Three reasons why CBA is exiting property

Is CBA backing out of its management duties at several property trusts due to Basel fears, property concerns or something less sinister?

Commonwealth Bank’s desire to exit the management of three property trusts was confirmed today. What wasn’t explained was why it wants to sell those rights to manage the trusts.

CBA said today that it had submitted indicative, non-binding proposals to the board of Commonwealth Managed Investments Ltd relating to separate internalisations of the Commonwealth Property Office Fund and CFS Retail Property Trust Group, as well as the acquisition by CFS Retail of CBA’s retail property management and development business. It had also submitted a similar proposal to the board of Kiwi Properties Ltd.

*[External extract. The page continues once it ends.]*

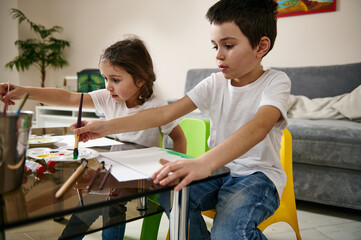 Two creatively adorable children, draw at home. Art lesson at home, Easter theme, watercolor technique. Art education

Neither the bank nor the trusts disclosed the amounts involved in the proposals. CFS Retail has a market value of about $5.6 billion and Commonwealth Property is valued at about $2.6 billion so the management rights would have some material value, albeit perhaps not that material in the context of CBA’s own market capitalisation of more than $117 billion.

CBA also owns about 8 per cent of CFS Retail and about 6 per cent of Commonwealth Office, which one would expect to be sold if it distanced itself from managing the trusts, so that would potentially see it extracting about $600 million of cash from the process.

The obvious conclusion to draw from the announcement would be that CBA wants to quit exposures that under the Basel III regime carry quite heavy capital requirements.

The amounts involved, however, aren’t sufficiently large to make that a compelling factor. The near-$600 million tied up in the securities of the two Australian vehicles, for instance, might represent perhaps 20 or 30 basis points of CBA’s tier one capital adequacy ratio, which stood at 10.5 per cent for the December half.

CBA isn’t short of capital – it is one of the better-capitalised banks in the world – and is generating new capital through its profitability at a rate of about 100 basis points a year.

It is more likely to be returning capital to shareholders, directly or indirectly, over the next few years than trying to find ways to raise new capital/reduce the capital intensity of its balance sheet, although capital efficiency will always be a priority for any bank in the emerging regulatory environment.

The better explanation is that CBA’s funds management business, which is predominantly focused on equities and fixed interest, looked at the property investment platform business it has and concluded that the returns and risks weren’t worth the effort.

There are indications that the impetus for the decision to try to exit the management of the trusts came out of the wealth management business rather than from the bank itself.

CBA’s Colonial First State funds management business has been involved in some large-scale retail property developments that perhaps haven’t gone quite as smoothly as it might have liked and that have seen it caught up in a stoush with building unions, which may have been another factor.

Also, and perhaps of greater consequence, across the listed funds management sector external management has increasingly become an anachronism and one not favoured by investors.

Internalising the management, on reasonable terms, would probably be a positive for the trusts and their investors.

If it were to produce a nice little windfall of cash and capital for CBA that it could either reinvest in higher-returning assets or businesses or use to supplement its returns to shareholders, that would an incidental outcome.